DATA Block Start
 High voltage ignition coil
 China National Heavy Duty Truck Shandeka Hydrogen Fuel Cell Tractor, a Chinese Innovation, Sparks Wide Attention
DATA Block End
DATA Block Start
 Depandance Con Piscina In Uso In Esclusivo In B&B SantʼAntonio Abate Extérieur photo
DATA Block End
DATA Block Start
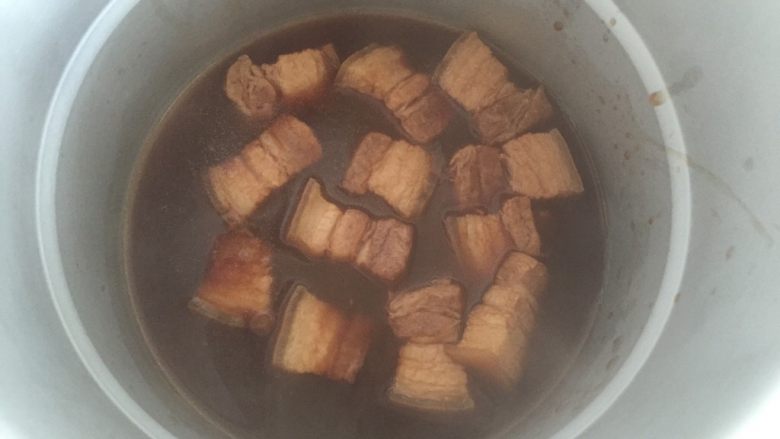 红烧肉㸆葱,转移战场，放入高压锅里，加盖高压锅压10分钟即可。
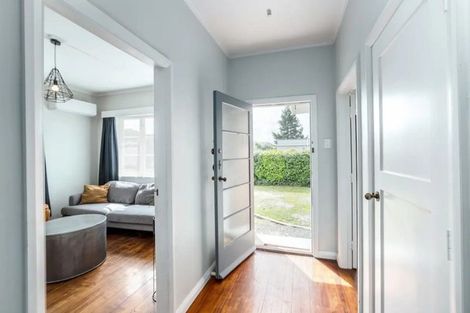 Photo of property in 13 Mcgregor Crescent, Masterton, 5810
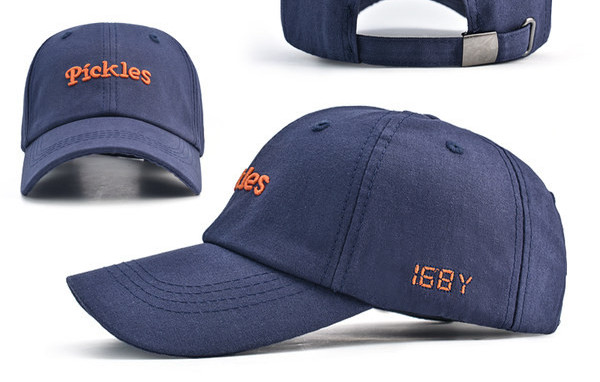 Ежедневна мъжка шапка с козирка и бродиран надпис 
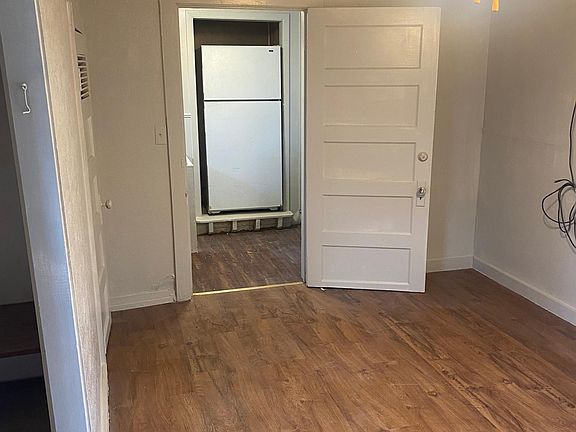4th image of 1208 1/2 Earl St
DATA Block End
TASK BRIEF
Extract exactly and only the lines above from the line containing "High voltage ignition coil" through the line containing "China National Heavy", both end lines included.

YOUR RESPONSE
 High voltage ignition coil
 China National Heavy Duty Truck Shandeka Hydrogen Fuel Cell Tractor, a Chinese Innovation, Sparks Wide Attention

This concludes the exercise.